Building an AI-Powered Chat Widget for My Portfolio
How I built a sophisticated AI chat widget with conversation memory, first-person responses, and mobile-first design to create meaningful visitor interactions on my portfolio site.
Building an AI-Powered Chat Widget for My Portfolio
The Challenge
As a Computer Engineering student, I wanted to create an interactive way for visitors to my portfolio website to learn more about me and my work. Traditional portfolio sites are static, but I wanted something dynamic that could engage visitors and provide personalized responses about my skills, projects, and experience.
The Solution: A Two-Stage AI Pipeline with Conversation Memory
I implemented a sophisticated chat widget using OpenAI's API with a carefully designed two-stage pipeline that includes conversation history awareness and first-person perspective responses.
Stage 1: Intent Classification with History Context
The first stage determines whether a visitor's question is appropriate and relevant, now considering conversation history for better follow-up handling:
User: "What programming languages do you know?"
→ { "intent": "on_topic", "fieldsNeeded": ["skills.languages"] }
User: "Tell me about yourself"
→ { "intent": "on_topic", "fieldsNeeded": ["about", "hero", "summary", "experience", "education", "skills", "highlights"] }
User: "Have you used n8n before?"
→ { "intent": "on_topic", "fieldsNeeded": ["skills", "projects"] }
Stage 2: Context-Aware Response Generation
For on-topic questions, the system extracts only the relevant information from my portfolio data and generates personalized responses in first-person perspective:
The AI now responds as "I" rather than referring to "Michael" in third person, creating a more natural conversational experience.
Advanced Features
Conversation Memory
Tracks the last 6 messages for context awareness
Handles follow-up questions intelligently
Maintains conversation flow across multiple interactions
Smart Context Extraction
Auto-includes "projects" and "skills" for technology questions
Always includes contact info for reach/contact inquiries
Comprehensive data for "tell me about yourself" questions
Enhanced Link Rendering
The chat widget now properly handles markdown-style links and plain URLs:
const renderMessageContent = (content: string) => {
// First, handle markdown-style links [text](url)

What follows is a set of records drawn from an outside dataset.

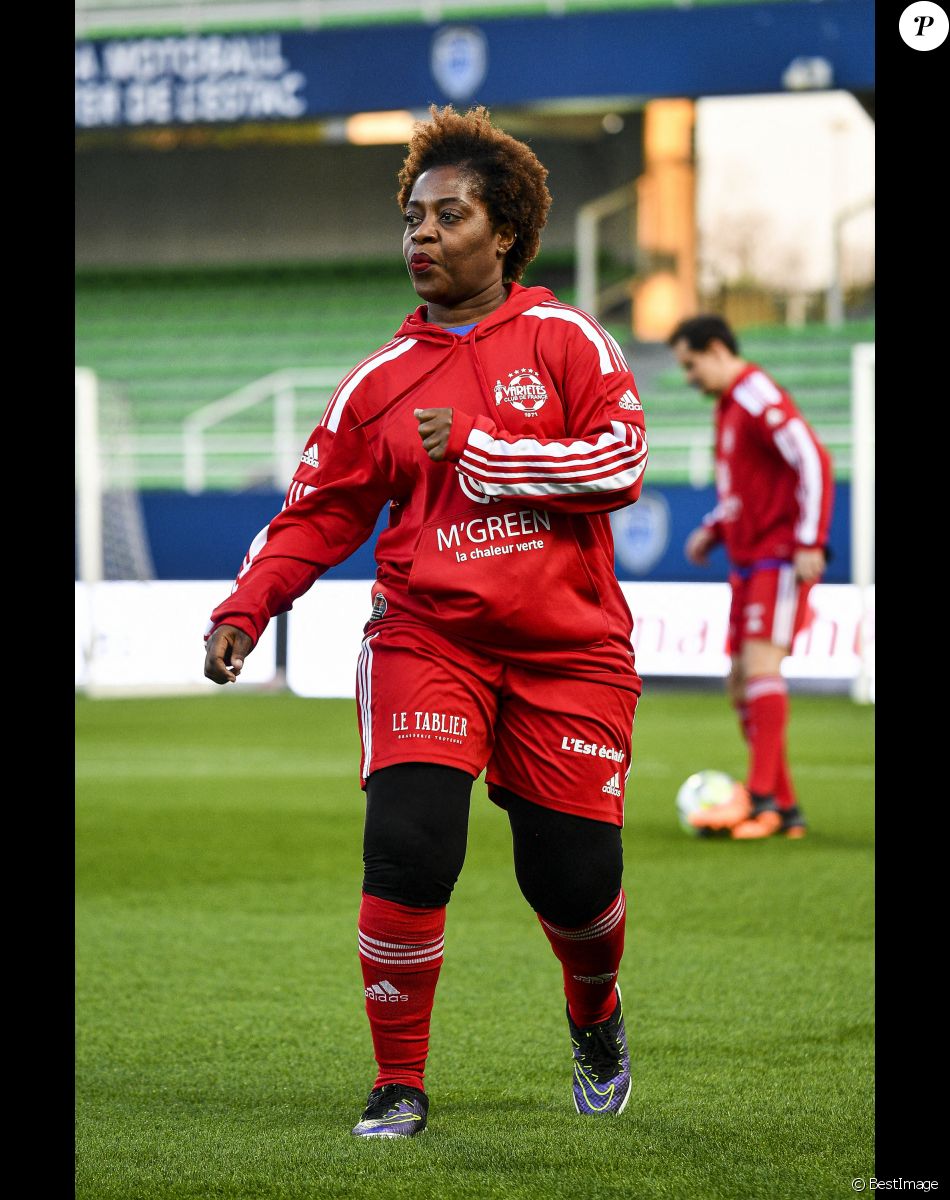 Claudia Tagbo - Le club Variétés Club de France récolte 12.000 Euros pour l'association "Solidarité Femmes Aube" lors d'un match de gala mixte contre les légendes de Troyes l'ESTAC (victoire 5-4 des légendes de Troyes) au Stade de l'Aube à Troyes le 23 mars 2022. © Pierre Perusseau/Bestimage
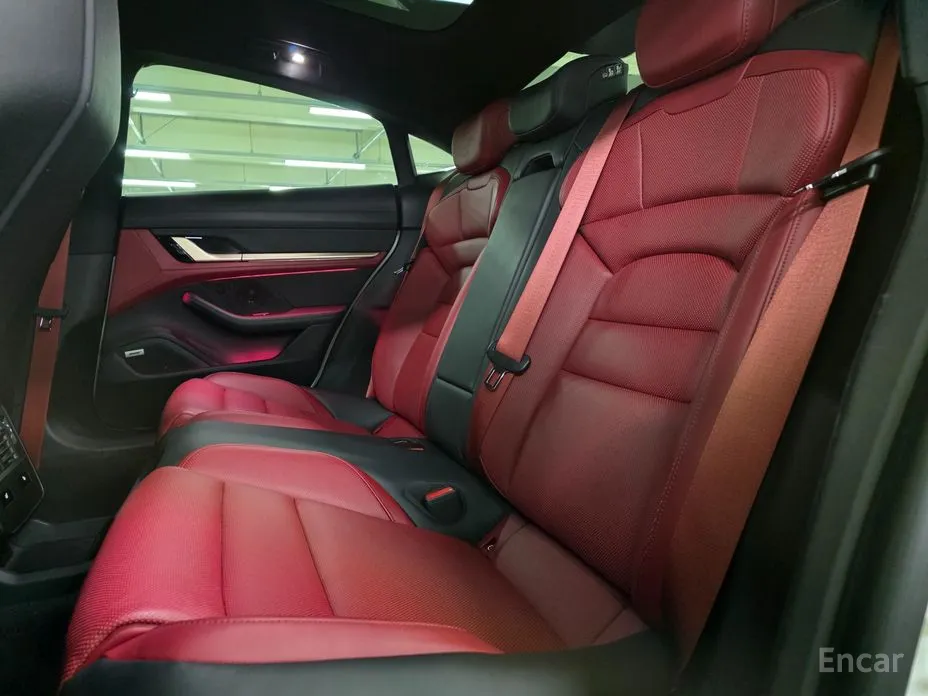 Porsche Taycan 2020 4S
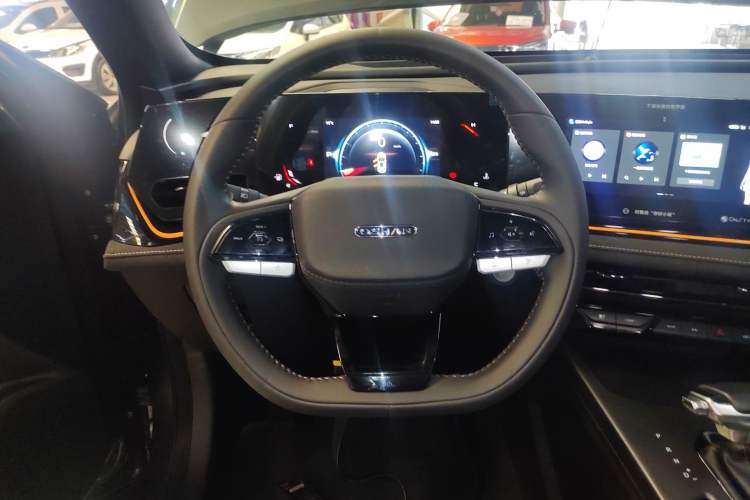 Used CHANGAN OSHAN X5 PLUS 2023 Revised 1.5T DCT Pioneer Edition Steering Wheel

const markdownLinkRegex = /[([^]]+)](([^)]+))/g;
// Then handle plain URLs...
};
Mobile-First Design
requestAnimationFrameUser Experience Enhancements
Technical Implementation
Frontend Architecture
Built with React and TypeScript, featuring:
Backend API Design
The /api/chat endpoint implements robust security and performance:
Security Measures
interface RateLimitData {
requests: number;
firstRequest: number;
violations: number;
bannedUntil?: number;
}
const RATE_LIMITS = {
requests: 20, // 20 questions per window
windowMs: 15 * 60 * 1000, // 15 minutes
banThreshold: 10, // Ban after 10 violations
banDuration: 24 * 60 * 60 * 1000 // 24 hours
};
User Experience Flow
1. Discovery: Popup bubble appears after 8 seconds: "Questions about me?"
2. Interaction: Click to open responsive chat window
3. Question: Type question about background, skills, or projects
4. Processing: See real-time progress:
5. Response: Receive personalized first-person answer with clickable links
6. Conversation: Continue natural dialogue with full context awareness
Why This Approach Works
Efficiency
Context-aware responses reduce token usage
Two-stage pipeline prevents unnecessary API calls
Smart field extraction minimizes data transfer
Safety & Reliability
Strict intent classification prevents inappropriate content
Comprehensive rate limiting and IP banning
Response sanitization and error handling
User Experience
First-person responses create personal connection
Conversation memory enables natural follow-ups
Mobile-optimized interface works seamlessly across devices
Progress transparency builds trust
Technical Stack
Frontend: Next.js 15, React 19, TypeScript, Tailwind CSS
Backend: Next.js API Routes with Edge Runtime
AI: OpenAI GPT-4o-mini with custom engineered prompts
UI Components: Shadcn UI with Lucide React icons
State Management: React hooks with complex state interactions
Deployment: Vercel with environment variable protection
Future Enhancements
I'm considering adding:
Voice Input: Speech-to-text for accessibility and hands-free interaction
File Uploads: Resume or project file sharing capabilities
Analytics Dashboard: Track common questions and engagement metrics
Multi-language Support: Expand to international audiences
Smart Suggestions: Context-aware question recommendations based on conversation history
This AI chat widget represents the perfect intersection of my engineering background and user experience design. It demonstrates how modern web technologies can create meaningful, interactive experiences that go far beyond static portfolio content while maintaining professional standards and technical excellence.